Brendan McGuigan said the presence of a local minister supported by a justice committee had produced better scrutiny and accountability from the agencies he reviews.
He wrote: "The political crisis/instability which occurred in the last quarter of the financial year and subsequent election have created a new and unexpected challenge for the Inspectorate."
On Friday, Mr McGuigan published his annual report for last year.
Powersharing collapsed after the late Martin McGuinness resigned in January as deputy first minister in protest at the DUP's handling of the Renewable Heat Incentive (RHI) scheme.
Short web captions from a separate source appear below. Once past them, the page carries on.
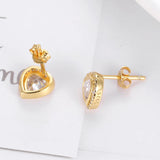925 Sterling Silver Heart Stud Earrings, Zircon Stones, 5mm, Women's Ear Jewelry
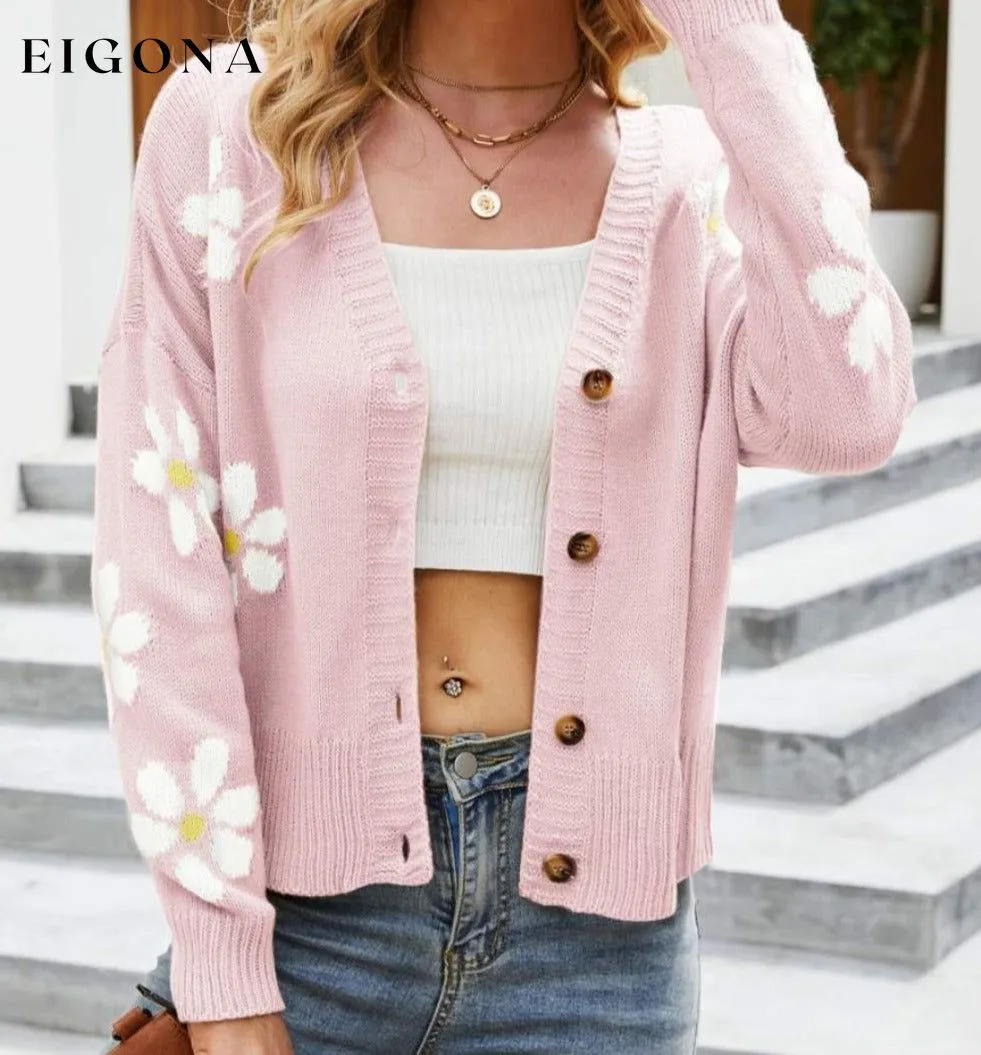 Floral Ribbed Trim Drop Shoulder Cardigan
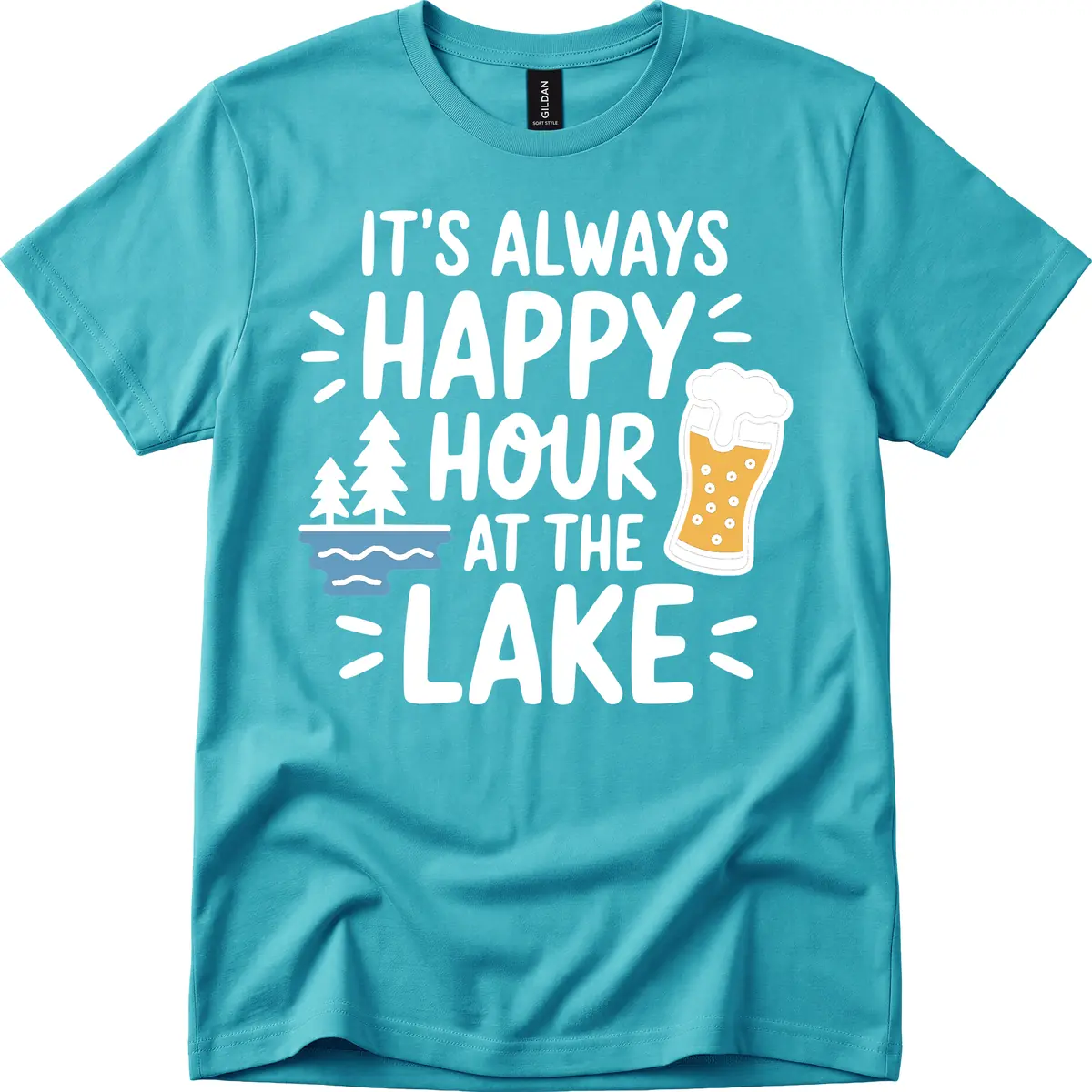 It's Always Happy Hour At The Lake T-Shirt in Tropical Blue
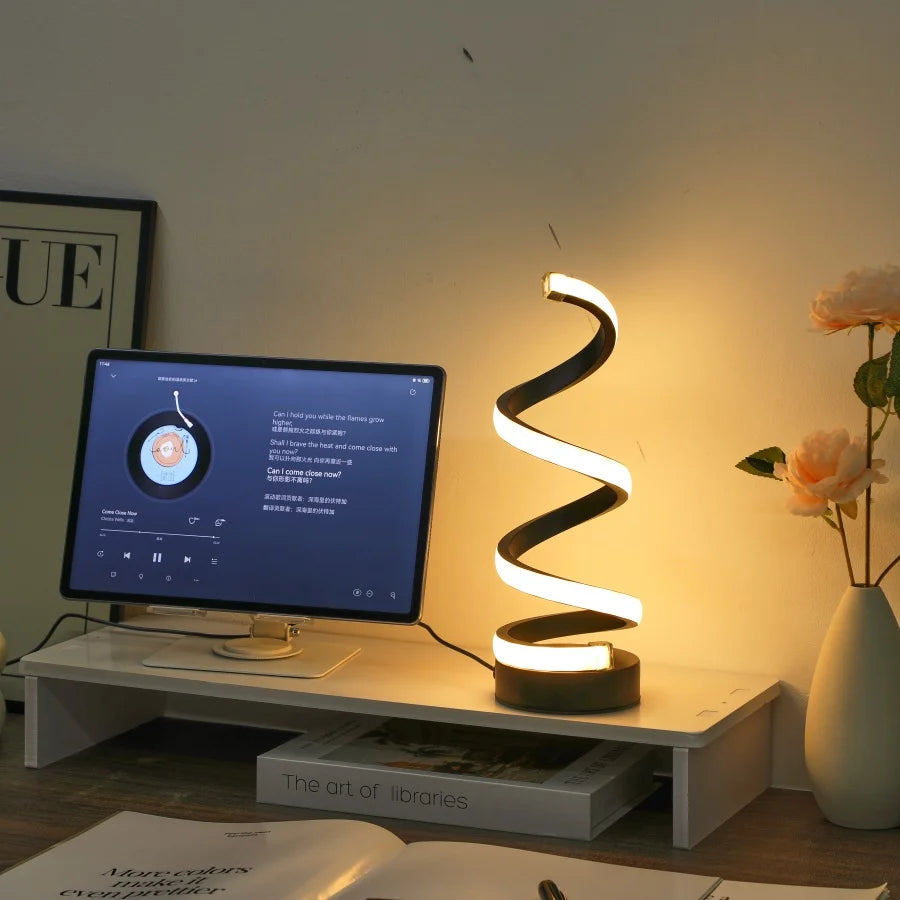 1PC Simple Spiral External Emitting Bright  Desk Lamp, USB - Three-color Lighting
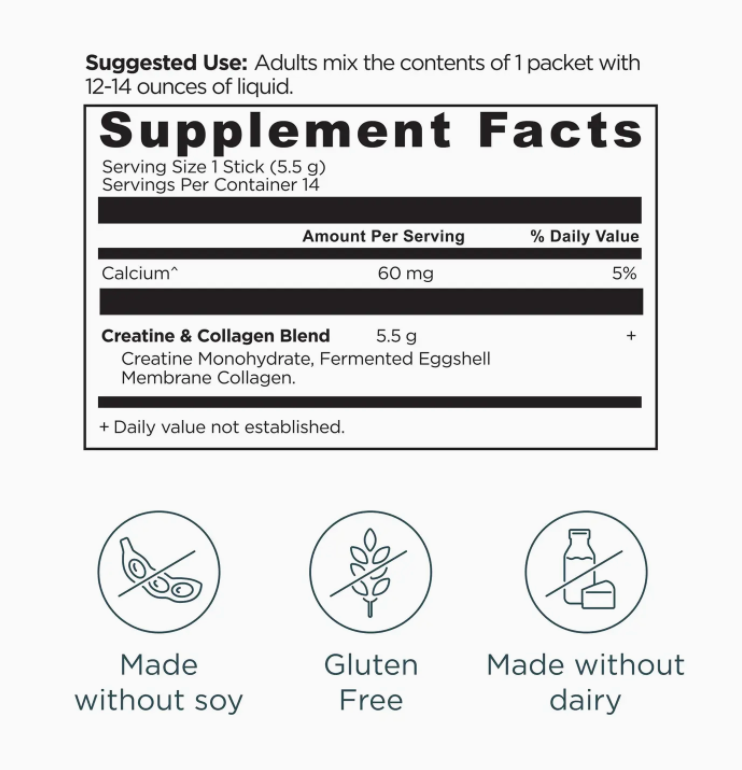 Creatine + Collagen Stick Packs | Powder Unflavored (14 Servings)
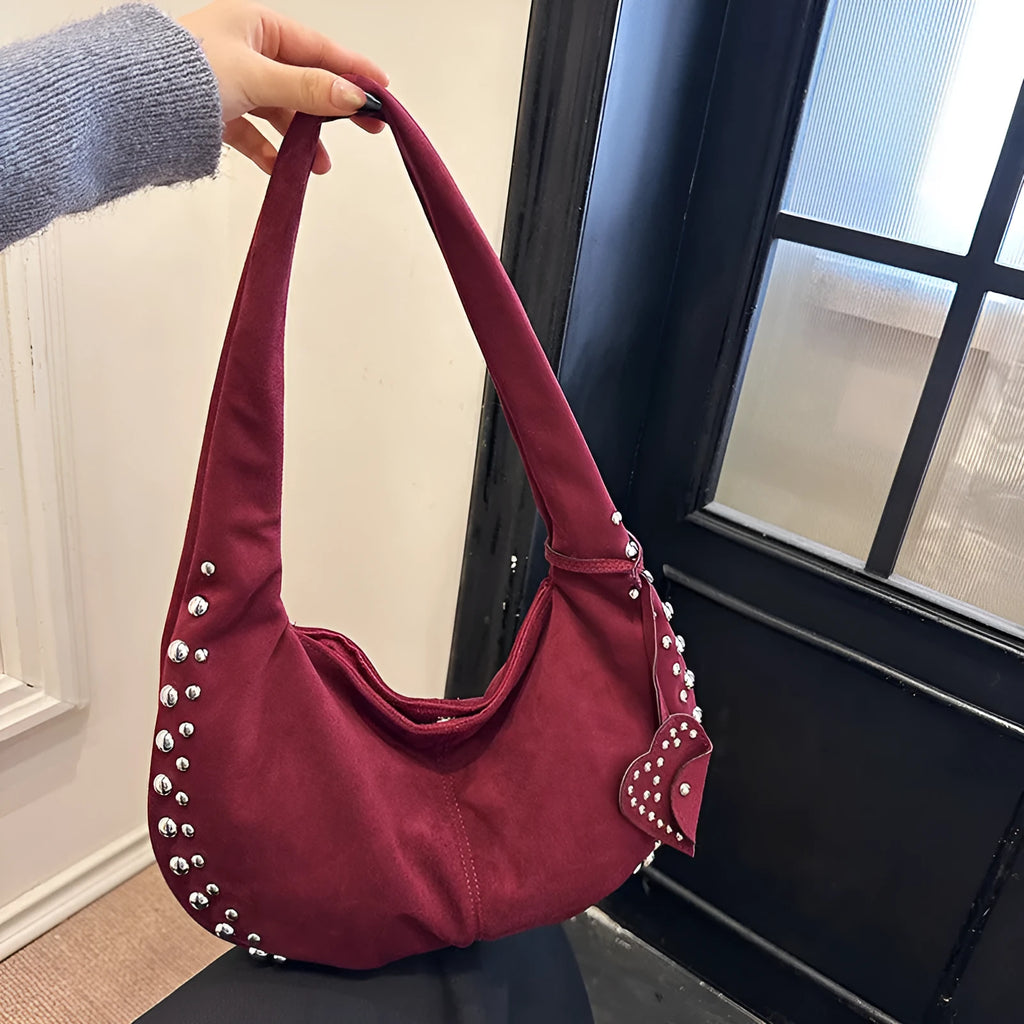 Soft plush retro tote handbag in strapless underarm design showing available colour options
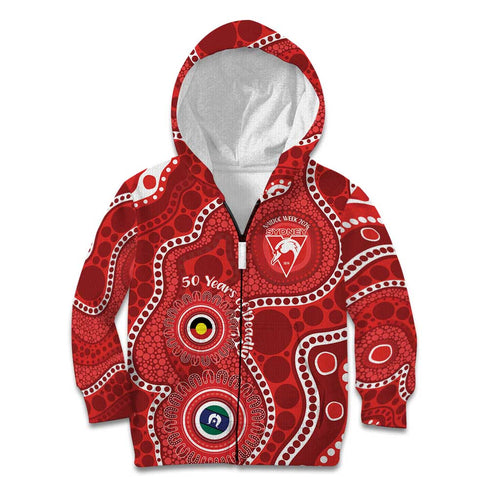 Sydney Swans NAIDOC Week 2026 Personalised Kid Hoodie 50 Years of Deadly Aboriginal Art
Mr McGuigan added: "In the interim where reports have been completed, I have written to the relevant organisations and requested action plans be produced to address accepted recommendations with publication of the inspection findings to follow."
Publication recommenced last month after the intervention of a senior civil servant.
The chief inspector added: "The devolution of justice and policing in 2010 was a pivotal event for Criminal Justice Inspection (CJI).
"A local minister supported by an intrusive, well-informed Justice Committee opened up the way for more effective scrutiny and enhanced accountability of the criminal justice agencies.
"I sincerely hope that these arrangements are restored as soon as possible."
Over the past year, the CJI has continued to devote a significant amount of time and resources to inspecting the Northern Ireland Prison Service through the unannounced inspection of Hydebank Wood Secure College and Ash House Women's Prison.
The chief inspector added: "The significant improvements that were reported reflected the time and effort of the leadership team, their staff and other organisations, to transform the experience of the women and young men held at the prison.
"We also conducted a low impact announced inspection at Maghaberry Prison which noted the continued progress that was being made, but also highlighted ongoing concerns about the misuse of drugs and how vulnerable prisoners were being managed."